His research into counting Jews shows how challenging it can be to define religion. For the National Jewish Population Survey, researchers defined the category of Jews as “people who identify as Jews, and have some legitimacy about them that could be recognized by most other Jews,” Cohen said. One decision was to consider a single Jewish parent the same whether that parent was the mother or father, though rabbis consider Judaism to pass through the mother. (Cohen also worked on a 1982 study that found 1.1 million Jews in the five boroughs of New York City.)
One of the Brandeis researchers, Leonard Saxe, has helped devise a method to combine multiple religion surveys and glean from them more reliable numbers. This helps to correct for a problem even in large national surveys — where there simply aren’t enough respondents from smaller religious groups, such as Jews or Muslims. Trying to estimate their population from such surveys “would be ridiculous,” said Saxe, professor of Jewish community research and social policy at Brandeis. “It would be useless.” By combining surveys, “you can begin to accumulate pretty reliable data,” Saxe said.
One thing many researchers can agree on is that the Census Bureau should ask about religion, to produce even more reliable data. “I don’t understand the logic of why religion is not on the census,” Bagby said. “Maybe it is time. Our first identity is as Americans. But we also identify with religion.”

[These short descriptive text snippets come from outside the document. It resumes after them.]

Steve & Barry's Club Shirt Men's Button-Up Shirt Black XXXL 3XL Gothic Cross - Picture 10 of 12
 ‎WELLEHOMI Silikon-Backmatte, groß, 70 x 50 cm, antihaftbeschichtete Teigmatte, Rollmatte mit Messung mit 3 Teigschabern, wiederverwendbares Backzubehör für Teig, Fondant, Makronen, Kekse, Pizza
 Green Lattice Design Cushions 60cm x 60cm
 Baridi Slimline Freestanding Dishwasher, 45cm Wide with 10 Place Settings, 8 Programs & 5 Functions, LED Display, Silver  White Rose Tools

“Religion is very central — it helps define who people will marry and where they will be comfortable living,” said Brian Grim, senior researcher for the Pew Forum on Religion & Public Life.
Estimates of world population counts also are imprecise, though they’ve gotten better as more countries conduct national censuses, as part of a United Nations push for such surveys. “It’s a lot easier than it was 20 or 30 years ago,” said Grim, of Pew. “More censuses over that time period have included religion. And there are all kinds of data sources that weren’t available before — demographic surveys, and other population surveys.”
Some trends are working in the opposite direction. Austria had, until 2001, asked about religion in its census every 10 years. But now, like several other European countries, it is moving toward a registration-based census, which involves drawing on existing databases rather than interviewing every resident nationwide, according to Teresa Bernhart, spokeswoman for the Austrian embassy in Washington, D.C. None of these databases include religion, so Austria may no longer have counts of its population by religion.
But Daniel A. Madigan, professor of theology at Georgetown University, questions the use of such estimates for comparing religions by, say, growth rates. “Religion can grow because of conversion, because countries where it is prevalent have large population increases, because of immigration,” or for other reasons, Madigan said. High growth rates for a religion “usually are presumed to be an indicator that it is most popular — that people are leaving other religions to join it. But figures don’t necessarily indicate that.”